Cook was likely referring to Samsung’s Galaxy Tab when he said “the variety that are out shipping today, the operating system wasn’t really designed for a tablet.” Google has said this itself, Cook noted. “And so basically, you wind up with kind of a scaled-up smartphone, which is a bizarre product in our view.”
OK, fair point. The Galaxy Tab’s biggest weakness is its lack of third-party apps optimized for the larger screen. Without apps like Flipboard, Pulse or Twitter for iPad, Android 2.2 tablets feel like blown up smartphones. (At least the Galaxy Tab comes with several of Samsung’s own tablet apps.)
But what about the future of Android tablets? Once Google releases Android 3.0, with its apps and interface optimized for big screens, a wave of tablets are sure to follow, starting with Motorola’s Xoom. Cook’s best defense here was to act like this isn’t going to happen.
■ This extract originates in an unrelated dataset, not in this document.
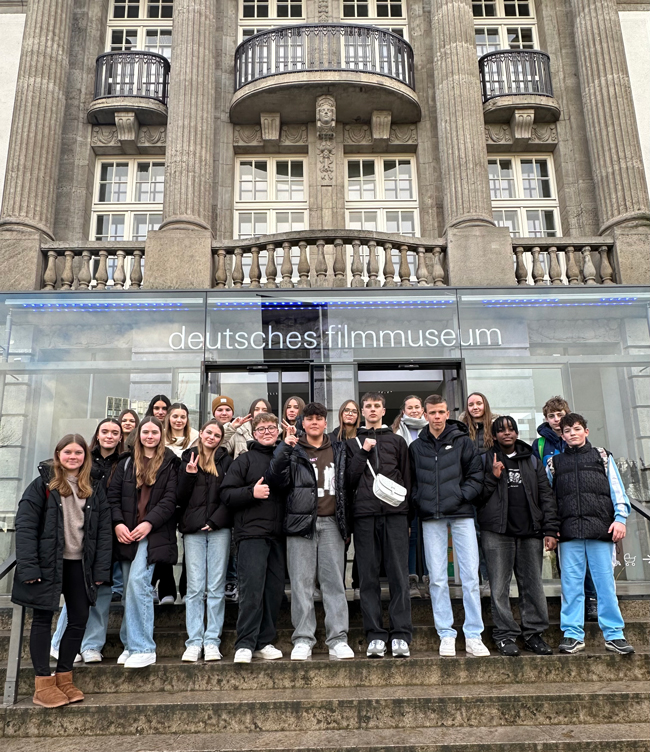 Schüler vor Eingang Filmmuseum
“The next-generation Android tablets, which are primarily what you mentioned in terms of the CES, there’s nothing shipping yet, and so I don’t know,” Cook said. “Generally, they lack performance specs, they lack prices, they lack timing. And so today, they’re vapor.”
I’m not sure there’s anything else Apple could have said — the muted presence of Android 3.0 at CES was a letdown, and so was the lack of launch details on upcoming tablets — but vapor isn’t the right word for products that we know are coming.
For now, Apple can smugly point out that it’s got the only tablet-optimized operating system on the market, but that won’t last forever. Eventually, the company will have to diss Android tablets solely based on the iPad’s relative virtues.